Out of the Celluloid Closet

This supercut tells the fascinating story of Hollywood’s “sissy” stereotype

It’s a strange, but perhaps expected thing when you start looking to the derogatory stereotypes of the past for validation. In the absence of any other kind of representation, it’s hard not to develop a soft spot for the imperfect representation that, at the very least, exists.

This was the double-edged sword queer cinema scholars like Vito Russo and Parker Tyler had to contend with in writing about the early days of Hollywood. Yes, queer people were present and accounted for in the pre-code days, before Will Hays wiped nearly every kind of LGBTQ+ representation off the screen, but they still had to be shrouded in stereotypes.

If you were every wondering exactly what those stereotypes looked like, look no further than this magnificent sissy supercut made by the YouTube Channel “Watching Classic Movies.”

If you ever wanted to see the full range of sissies pre-code Hollywood had to offer, here it is in glorious black and white. We see the cartoon caricature of “pansy” in 1933’s “Soda Squirt,” the rouged, lipsticked Tyrell Davis as the all-but-out-gay character Ernest in 1933’s Our Betters, two femme twinks singing a delightful song in a gay club in the 1932 Clara Bow vehicle Call Her Savage, as well as several appearances from Preston Sturges stock character and sometime “professional sissy” Franklin Pangborn.

All these characters are bound together by a few distinct traits: they speak with a lisp or affectation, they show up in upper-class drawing rooms or backstage in Broadway shows, and they are often very outspoken about their admiration for hot men. When straight characters react to them, it’s usually through a mix of gleeful mocking or embarrassed eye-rolling.

Obviously it’s not great, but it was something. And after 1933, even that tiny something disappeared.

“If [Franklin] Pangborn and the others were indeed ‘supposed’ to be playing homosexuals, they were doing so with little consciousness of that fact,” Vito Russo wrote in his groundbreaking study The Celluloid Closet. “Their sissies were often the most charming and winning aspects of [American] films and regularly saved them from mediocrity.”

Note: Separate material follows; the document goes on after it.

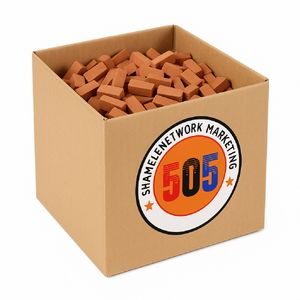 ساختنی 300 تکه مدل آجر مینیاتوری خانه سازی و ماکت سازی 505 کد bx s300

You heard it here first: gays have been saving movies from mediocrity since 1897. Before that time, we were saving theater from mediocrity. You’ll notice that in these depictions of “sissies” from 1929-1933, one stereotype persists, and it carries with it a haunting reminder of just what used to happen to gay men who wore their sexuality on their sleeve. Consider the illustration of the queer character in “Soda Squirt.” He’s drawn with cupids-bow lips, long eyelashes, and a handkerchief. He’s also dressed entirely in formal wear, as if about to go to the theater. Similar to many “upper class” queer characters, he’s created to resemble the person who was, at that time, the most famous gay person in history, Oscar Wilde.

Because that’s the uncredited source that many of these caricatures draw from: whether it’s a rouged mouth or a carnation or pansy in the lapel or a few utterings of “dear boy,” we know exactly who’s being parodied. Oscar Wilde was transformed into an anti-gay stereotype while he still lived, courtesy of Punch magazine and the many detractors who felt the need to take away Wilde’s cultural power by labelling him a “sissy.” It might have worked in the short term—Wilde was sent to prison and died an early death—but in the early film stereotype of the “sissy,” Wilde’s influence lived on.

So it’s hard not to look at the innocence of these stereotypes and see something weirdly sweet, even if it wasn’t intended to be. “Their effeminate demeanour was presented for laughs and ridicule,” the supercut explains, but “while these characters were meant to be mocked, they triumphed in their own way.”

That they did. That they continue to do.